Pero el principal problema para las aspiraciones de Martínez
Miranda podría encontrarse dentro de su propio círculo político.
La polémica que actualmente rodea a la alcaldesa de
Tenancingo, Nancy Nápoles Pacheco, identificada con el grupo "Mexiquenses
de Corazón", se ha convertido en un asunto de alto impacto político. De
acuerdo con información difundida públicamente por la Fiscalía General de
Justicia del Estado de México (FGJEM), la presidenta municipal es objeto de
indagatorias relacionadas con un autosecuestro y con el supuesto manejo irregular
de recursos públicos.
Las investigaciones buscan esclarecer un presunto faltante de
aproximadamente 40 millones de pesos. Adicionalmente, versiones del periódico,
El Universal han señalado que parte de esos recursos presuntamente habrían sido
utilizados para la adquisición de vehículos de lujo y de un departamento en
Acapulco. Hasta el momento, corresponde a las autoridades determinar la
veracidad de dichos señalamientos y establecer las responsabilidades que
pudieran existir, sin embargo, más allá del resultado jurídico, el escándalo ya
es un duro golpe para el senador Higinio Martínez y para Morena.
La situación coloca a Morena frente a una prueba de
congruencia. Durante años, el movimiento construyó buena parte de su narrativa
política alrededor del combate a la corrupción y de la exigencia de rendición
de cuentas. Ahora, el reto consiste en demostrar que esos principios se aplican
sin importar grupos, corrientes o cercanías políticas.
En ese contexto, la eventual llegada de Higinio Martínez a la
presidencia del Senado no depende únicamente de su experiencia legislativa o de
su capacidad de negociación. También está vinculada a la percepción que existe
sobre su liderazgo dentro de Morena y sobre los grupos políticos que lo
acompañan.
El desafío para el senador no parece ser convencer a quienes
ya forman parte de su estructura política, sino a una militancia que exige
resultados, coherencia y apego a los principios que dieron origen al movimiento,
sin embargo, tal parece que para el senador esa es una meta inalcanzable.
Morena necesita llegar unido a la elección de 2027. Sin
embargo, la disputa por espacios de poder, las diferencias entre grupos
internos y los cuestionamientos que pesan sobre algunos de sus liderazgos
amenazan con profundizar las fracturas existentes.

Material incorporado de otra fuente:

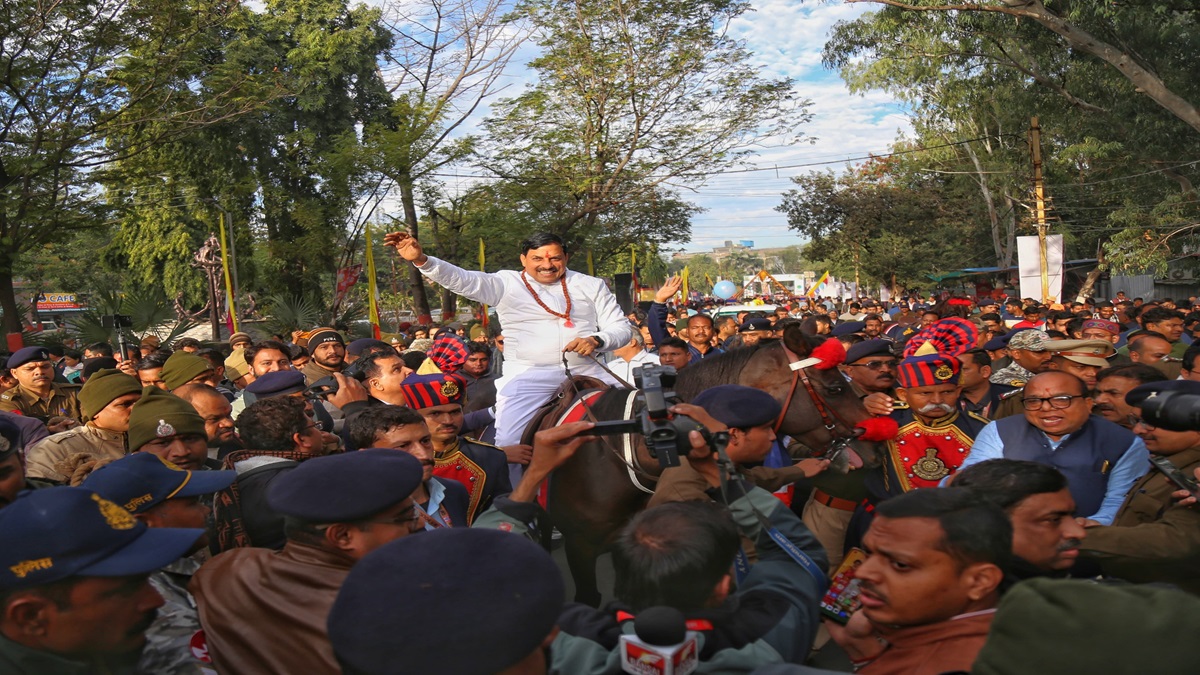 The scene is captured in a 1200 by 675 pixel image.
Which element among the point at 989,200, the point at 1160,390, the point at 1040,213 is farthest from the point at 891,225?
the point at 1160,390

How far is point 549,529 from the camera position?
525 cm

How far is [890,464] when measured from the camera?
499 cm

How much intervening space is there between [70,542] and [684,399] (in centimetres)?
330

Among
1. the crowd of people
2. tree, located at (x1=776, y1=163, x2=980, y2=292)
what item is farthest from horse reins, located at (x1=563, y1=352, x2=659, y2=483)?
tree, located at (x1=776, y1=163, x2=980, y2=292)

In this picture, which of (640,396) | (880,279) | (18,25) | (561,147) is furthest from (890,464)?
(880,279)

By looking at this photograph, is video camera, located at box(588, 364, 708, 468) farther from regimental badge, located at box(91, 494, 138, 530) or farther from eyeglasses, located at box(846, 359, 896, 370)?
eyeglasses, located at box(846, 359, 896, 370)

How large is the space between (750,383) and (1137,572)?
2.15 metres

Por ello, la discusión sobre Higinio Martínez trasciende no
solo a una simple aspiración personal. Se trata de una prueba para Morena y
para su capacidad de demostrar que la experiencia política es importante, pero
que la confianza, la congruencia y la credibilidad siguen siendo los activos
más valiosos para cualquier proyecto de poder.
Porque en política, los cargos se pueden buscar. Lo
verdaderamente difícil es convencer a la militancia y a la opinión pública de
que se tiene la autoridad moral para ocuparlos.